Grover’s algorithm is essentially a quantum algorithm that takes in an unstructured set of N elements and finds a single element that is marked to be found. If this task was done by a classical computer, this process would be done in a O(N) timeframe, in contrast, a quantum computer utilizing this algorithm could find this element in the timeframe of O(√N). This algorithm completes this task by amplifying the marked state while suppressing the other states. In the example code that will be provided below, the quantum state ∣01⟩ will be the index of the value 2 found in array. The goal of the code is to apply Grover’s algorithm to find the index of the value 2.
The first step of my code is to create a function to prepare an input state for the algorithm (in this case I will be producing a 2-bit Grover search). We begin by applying a Hadamard gate to each qubit, thus creating a superposition for all possible states in the series of qubits. Afterwards, we create the ancilla bit. In the Grover algorithm, the oracle’s job is to identify the element that is needed to be searched by flipping the quantum phase of the marked state. An ancilla bit is used to help the oracle complete its tasks. The quantum gates must be reversible and the oracle can’t directly flip the phases, which is where the ancilla bit comes in. To initialize the ancilla bit, we simply add a NOT gate and H gate (i.e. putting it in the ∣−⟩ state).
The next function to create would be the oracle function. As mentioned before, the oracle’s job is to mark the state that is targeted by applying a phase shift (to be more specific, it is flipping the sign of the amplitude associated with the target state that we are looking for). In simple mathematical terms, the oracle produces the following transformation: oracle = 1 (if x = xtarget or 0 (otherwise). The code below produces this phase flip by applying a negative sign to the amplitude of the target state via phase kickback. The X gate turns the ∣0⟩ state to ∣1⟩, matching the target condition that we want the oracle to recognize. The CCX gate flips the ancilla bit only if both q0 and q1 are ∣1⟩. This marks the solution by flipping the ancilla bit. After that, the phase shift from the first step is undone and q1 is brought back to its original state by applying a second X gate.
The final function in this algorithm is the diffusion operator. After the oracle has marked the target state, the diffusion operator applies a series of operations that increase the amplitude of the newly-marked state. Utilizing this diffusion operator will make the marked state more likely to be observed when it is time for the circuit to be measured.
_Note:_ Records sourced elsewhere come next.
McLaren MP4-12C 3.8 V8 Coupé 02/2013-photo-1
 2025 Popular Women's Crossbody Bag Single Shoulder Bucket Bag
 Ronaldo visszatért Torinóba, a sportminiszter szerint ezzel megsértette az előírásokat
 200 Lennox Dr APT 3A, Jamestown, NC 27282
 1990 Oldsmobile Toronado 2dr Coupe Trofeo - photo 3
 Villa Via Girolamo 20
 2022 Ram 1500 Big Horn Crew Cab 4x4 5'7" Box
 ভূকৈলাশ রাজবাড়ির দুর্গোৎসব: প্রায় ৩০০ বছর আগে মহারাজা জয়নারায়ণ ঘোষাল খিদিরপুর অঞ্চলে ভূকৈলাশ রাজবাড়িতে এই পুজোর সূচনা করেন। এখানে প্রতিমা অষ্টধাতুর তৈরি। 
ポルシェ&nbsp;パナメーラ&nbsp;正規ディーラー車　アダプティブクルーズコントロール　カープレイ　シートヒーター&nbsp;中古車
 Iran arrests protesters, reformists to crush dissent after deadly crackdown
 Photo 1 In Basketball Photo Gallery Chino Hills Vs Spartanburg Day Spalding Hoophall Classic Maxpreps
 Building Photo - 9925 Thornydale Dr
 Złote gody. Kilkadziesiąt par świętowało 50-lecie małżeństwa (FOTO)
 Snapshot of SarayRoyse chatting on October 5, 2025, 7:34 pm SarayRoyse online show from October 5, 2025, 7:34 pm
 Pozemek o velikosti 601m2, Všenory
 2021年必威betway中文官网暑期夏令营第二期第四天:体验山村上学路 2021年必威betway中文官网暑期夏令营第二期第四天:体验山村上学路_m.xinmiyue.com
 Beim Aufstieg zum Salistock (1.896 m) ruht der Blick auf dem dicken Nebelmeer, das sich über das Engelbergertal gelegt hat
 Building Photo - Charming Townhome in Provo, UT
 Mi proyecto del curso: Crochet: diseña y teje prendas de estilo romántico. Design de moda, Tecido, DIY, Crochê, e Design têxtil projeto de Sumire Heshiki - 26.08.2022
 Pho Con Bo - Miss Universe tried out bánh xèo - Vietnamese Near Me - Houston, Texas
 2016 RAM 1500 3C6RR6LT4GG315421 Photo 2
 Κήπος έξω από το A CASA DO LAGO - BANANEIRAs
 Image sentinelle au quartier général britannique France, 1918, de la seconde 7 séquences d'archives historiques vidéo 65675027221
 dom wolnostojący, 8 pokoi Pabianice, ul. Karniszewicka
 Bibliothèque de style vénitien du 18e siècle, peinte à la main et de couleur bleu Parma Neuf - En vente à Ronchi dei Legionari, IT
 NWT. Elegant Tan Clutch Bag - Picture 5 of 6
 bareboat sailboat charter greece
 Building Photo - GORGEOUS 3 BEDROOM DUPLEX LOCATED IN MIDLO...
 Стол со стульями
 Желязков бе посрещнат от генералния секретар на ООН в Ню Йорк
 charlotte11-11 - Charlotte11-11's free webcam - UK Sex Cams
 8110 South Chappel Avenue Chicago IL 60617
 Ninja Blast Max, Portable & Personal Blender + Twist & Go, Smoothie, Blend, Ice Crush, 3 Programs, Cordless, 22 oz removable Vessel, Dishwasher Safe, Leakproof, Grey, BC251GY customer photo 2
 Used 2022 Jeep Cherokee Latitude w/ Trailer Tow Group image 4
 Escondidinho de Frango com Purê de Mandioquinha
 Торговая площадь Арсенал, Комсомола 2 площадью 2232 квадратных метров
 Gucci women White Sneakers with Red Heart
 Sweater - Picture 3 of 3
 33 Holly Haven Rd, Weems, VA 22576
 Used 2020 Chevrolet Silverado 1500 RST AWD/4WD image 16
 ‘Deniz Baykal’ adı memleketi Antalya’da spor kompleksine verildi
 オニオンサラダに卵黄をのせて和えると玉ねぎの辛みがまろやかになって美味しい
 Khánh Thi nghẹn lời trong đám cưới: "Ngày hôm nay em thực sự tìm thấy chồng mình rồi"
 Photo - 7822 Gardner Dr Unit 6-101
This can be shown in the mathematical operation D = 2∣ψ⟩⟨ψ∣ - I. D is the diffusion operator, ψ is the superposition state, and I is the identity matrix (the identity matrix allows a reflection to be produced, thus making sure the marked state’s amplitude is amplified. The combination of the oracle and diffusion operator archives the maximum probability for measuring the marked state in √N time.
After completing all the necessary functions, we can now implement Grover’s algorithm. After initializing the 2-bit quantum circuit, we iterate through it via a for-loop for how many qubits there are in the circuit. Within this for-loop, we run the oracle and diffusion operator combination to find the marked state. We clear the ancilla bit afterwards for reusability and optimization purposes.
Running the qskit simulation, we see that the simulation gives a 100% probability of ∣001⟩. In the oracle function, we hardcoded that the marked state we want to find is ∣01⟩, The oracle changes the sign of the amplitude of the marked state, thus ½(∣00⟩+∣01⟩+∣01⟩+∣01⟩) becomes ½(∣00⟩-∣01⟩+∣01⟩+∣01⟩). Afterwards, the diffusion operator amplifies the negatives state and de-amplifies the others, thus giving us a 100% probability of the amplitude of the circuit being ∣001⟩.
If we run this on a real backend, we get similar results. I ran this on the Kingston quantum computer and it completed the workload in 4 seconds.
Grover’s algorithm is so significant because of simply how fast it is. It significantly speeds up the process of finding unstructured data searches while also utilizing much fewer steps/iterations than any classical algorithm could. There are an immense number of potential applications for Grover’s algorithm. Imagine how much faster a google search could be with Grover’s algorithm or how much more energy efficient hardware could be if this algorithm were to be implemented. Some questions I could pose would be how wide-spread this algorithm is used and have there been any attempts to make it faster (if that is even possible)?